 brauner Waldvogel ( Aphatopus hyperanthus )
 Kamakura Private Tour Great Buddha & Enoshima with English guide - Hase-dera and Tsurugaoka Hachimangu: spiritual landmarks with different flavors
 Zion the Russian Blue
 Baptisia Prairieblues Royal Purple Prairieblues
◇ ◇ ◇
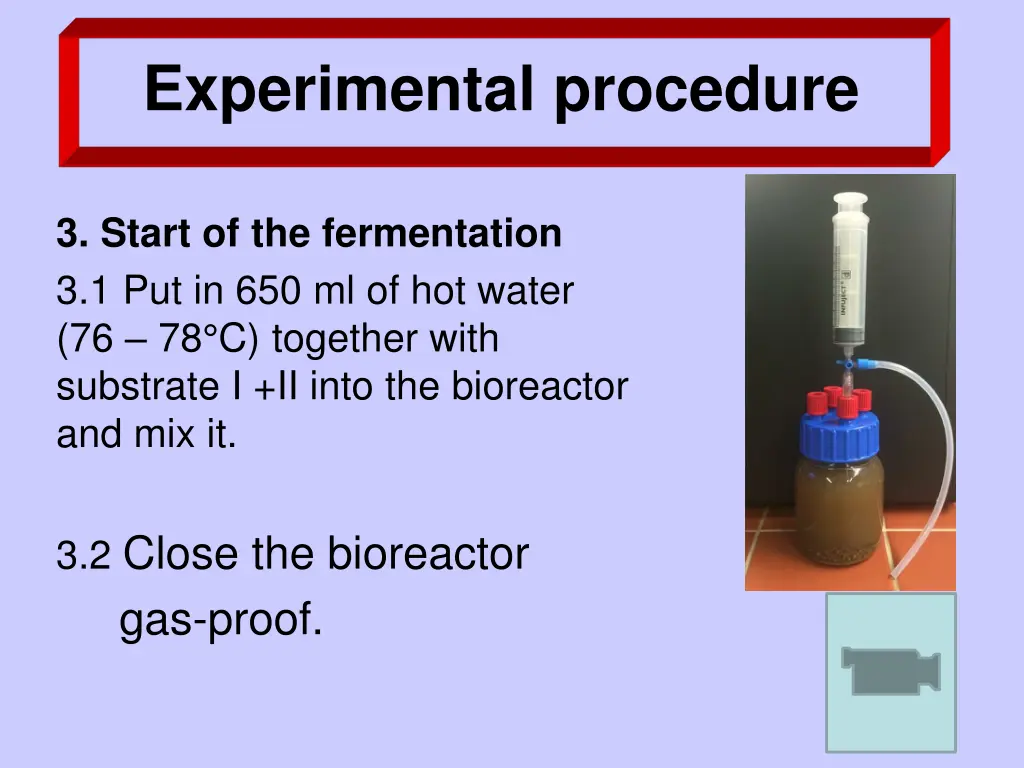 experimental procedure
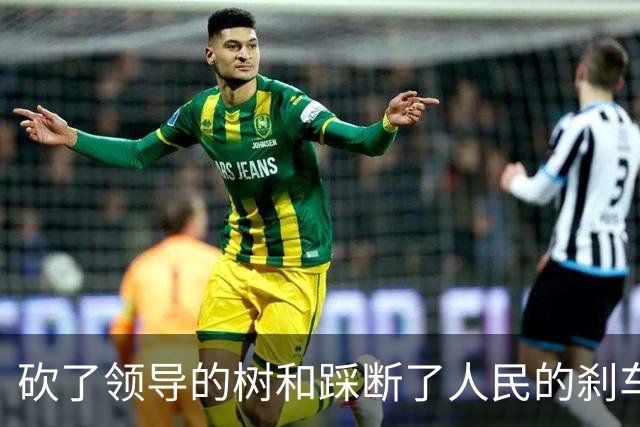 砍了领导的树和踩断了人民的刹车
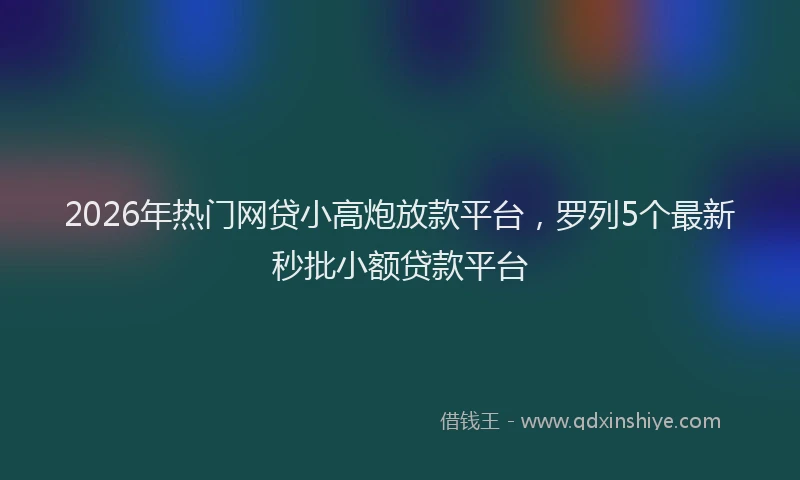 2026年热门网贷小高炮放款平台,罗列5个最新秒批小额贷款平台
◇ ◇ ◇
# Required work
Your task is to retype the entries verbatim, starting with the line that holds "brauner Waldvogel ( Aphatopus hyperanthus )" and stopping after the line that holds "Baptisia Prairieblues Royal".

# Worked solution
 brauner Waldvogel ( Aphatopus hyperanthus )
 Kamakura Private Tour Great Buddha & Enoshima with English guide - Hase-dera and Tsurugaoka Hachimangu: spiritual landmarks with different flavors
 Zion the Russian Blue
 Baptisia Prairieblues Royal Purple Prairieblues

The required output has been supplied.